| Extracted information |
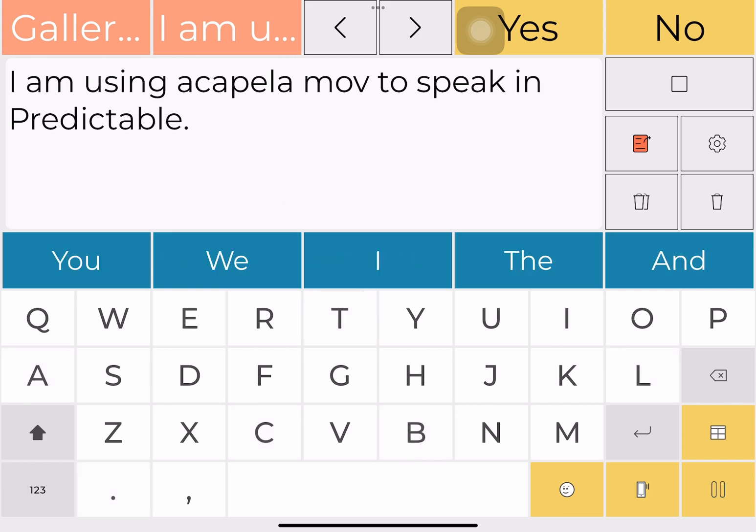I'm going to go into Predictable 6 and type out a message: 'I am using Acapella MOV to speak in Predictable.' There you go. It's as simple as that.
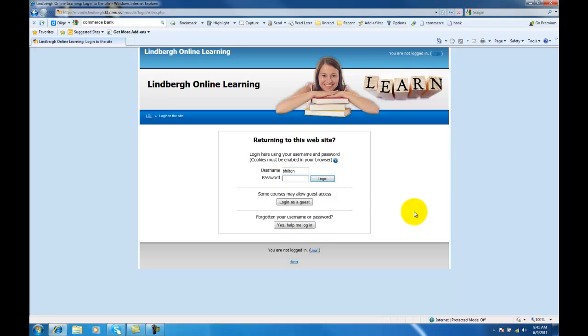Your students on the other hand, their login will be their full first name dot their last name. So if it's John Smith, it would be Jonathan dot Smith. And then if they've never logged in before, their password is pass123. If they've changed it and they cannot remember it, have them use this username password retrieval as well.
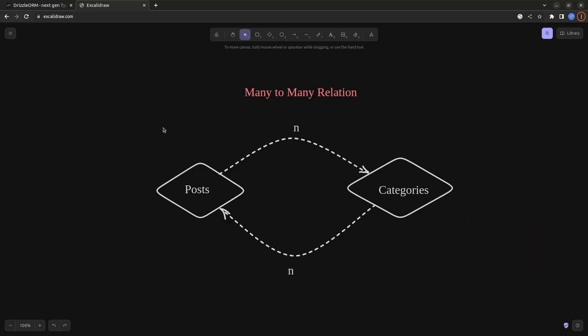So this is our scenario. We have the Posts table and Categories table. Each post inside the Posts table can be related to multiple categories. For example, a post about Drizzle ORM can be related to two categories: ORM and Database. And at the same time, each category inside the Categories table can be related to multiple posts inside the Posts table.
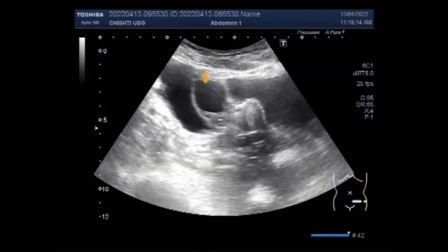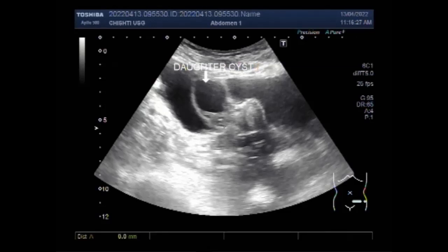Now you can see clearly the daughter cyst. While most cysts do not cause symptoms, if a cyst ruptures you will feel sudden pain and discomfort. If you have been diagnosed with an ovarian cyst and are trying to get pregnant, it is important to know that ovarian cysts do not typically cause problems with fertility. However, there are always exceptions to this rule.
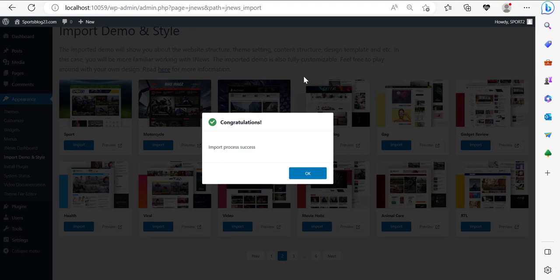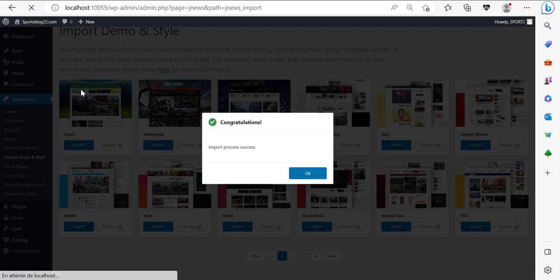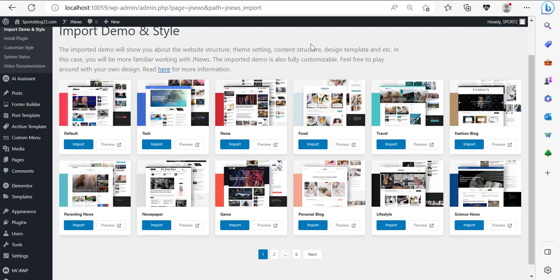Right now we have successfully imported the demo website — so we ought to have a party right now. Let us be happy because we've done it. After that, there's not really much to be done. We've done most of the hard work. I'm just going to go ahead and click OK here. And here we go.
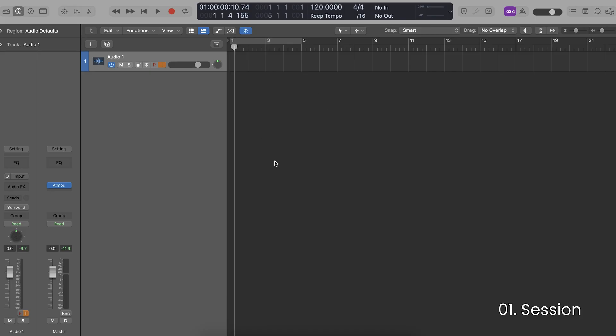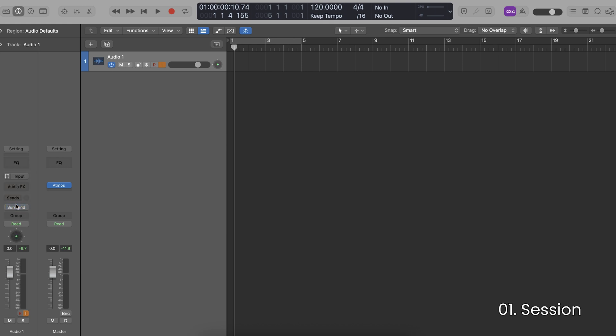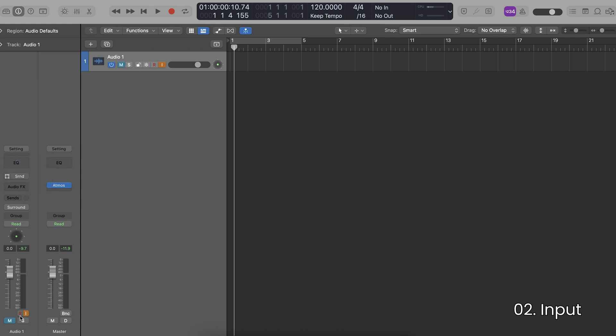The next thing I have to do is change the width of my track to surround. To do that I just click on the channel mode and set it to surround, and I have to make sure that the output is also set to surround. Finally, I'm going to set my input to be my surround input.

| Your task |
Pictures should not appear in the copy. Write out exactly the lines above from the first one through the line that contains "So this is our".

| Answer area |
I'm going to go into Predictable 6 and type out a message: 'I am using Acapella MOV to speak in Predictable.' There you go. It's as simple as that.
Your students on the other hand, their login will be their full first name dot their last name. So if it's John Smith, it would be Jonathan dot Smith. And then if they've never logged in before, their password is pass123. If they've changed it and they cannot remember it, have them use this username password retrieval as well.
So this is our scenario. We have the Posts table and Categories table. Each post inside the Posts table can be related to multiple categories. For example, a post about Drizzle ORM can be related to two categories: ORM and Database. And at the same time, each category inside the Categories table can be related to multiple posts inside the Posts table.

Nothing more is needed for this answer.